■ Task instructions ■
Look below for the line that contains "Harga Emas Antam" and the line that contains "2025 10 Tokyo - Last Day - 3.jpeg", then restate both of them and every line in between, exactly. No picture goes in the copy.

■ Recorded data ■
══════════

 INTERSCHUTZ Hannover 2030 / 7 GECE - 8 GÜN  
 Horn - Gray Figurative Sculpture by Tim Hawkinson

══════════

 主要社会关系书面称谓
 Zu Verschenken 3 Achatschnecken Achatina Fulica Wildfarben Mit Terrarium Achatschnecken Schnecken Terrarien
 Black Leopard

══════════

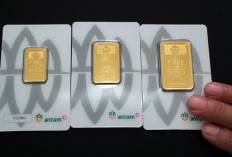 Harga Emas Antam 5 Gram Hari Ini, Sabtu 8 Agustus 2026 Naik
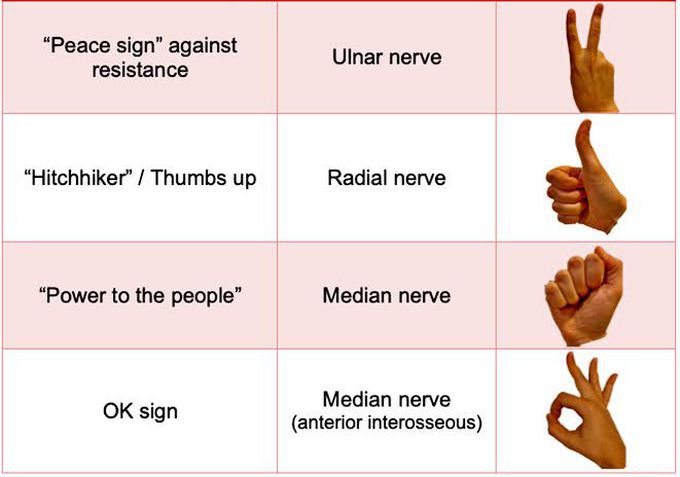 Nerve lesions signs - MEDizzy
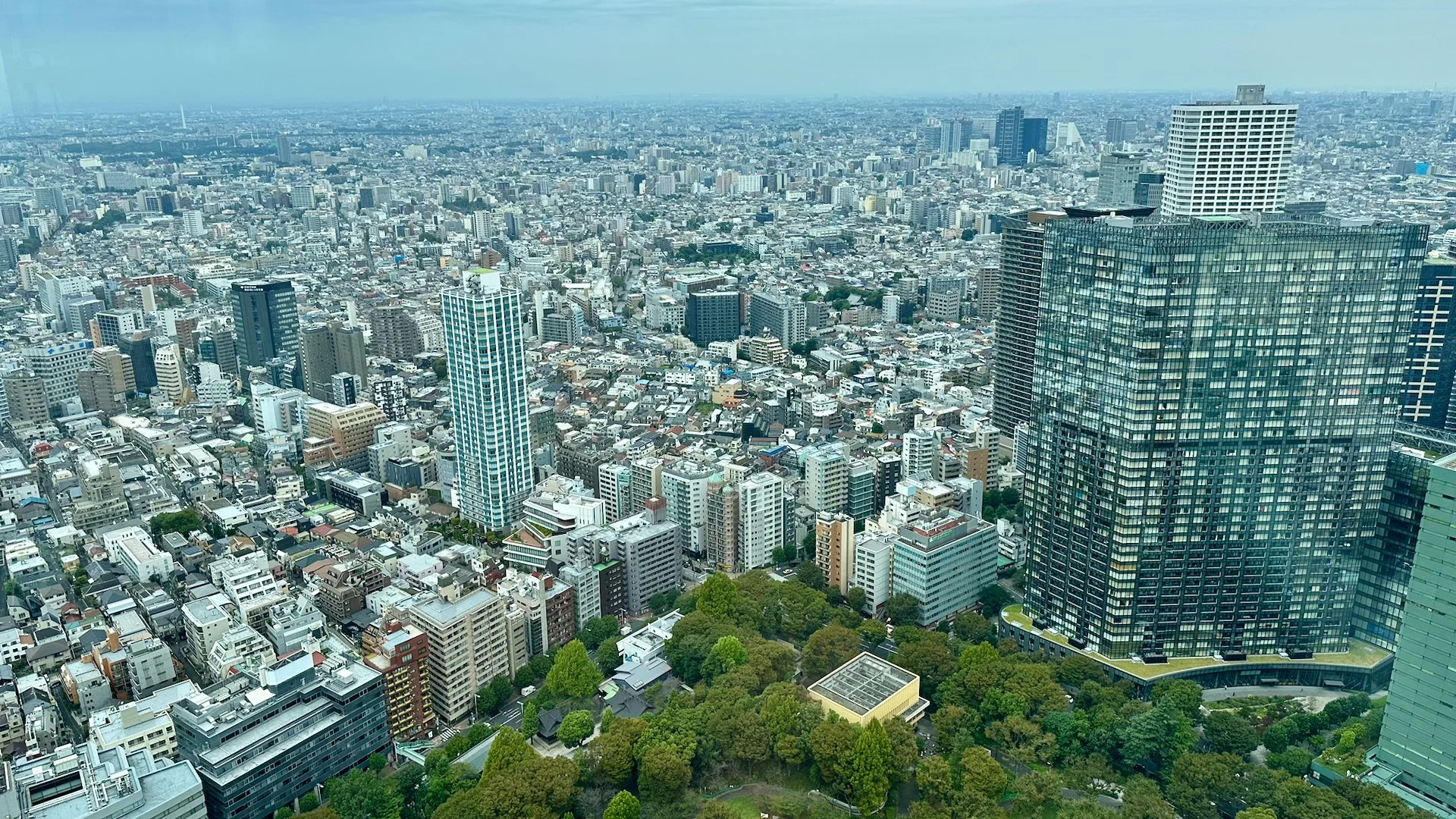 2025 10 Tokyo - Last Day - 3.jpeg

══════════

■ Written answer ■
 Harga Emas Antam 5 Gram Hari Ini, Sabtu 8 Agustus 2026 Naik
 Nerve lesions signs - MEDizzy
 2025 10 Tokyo - Last Day - 3.jpeg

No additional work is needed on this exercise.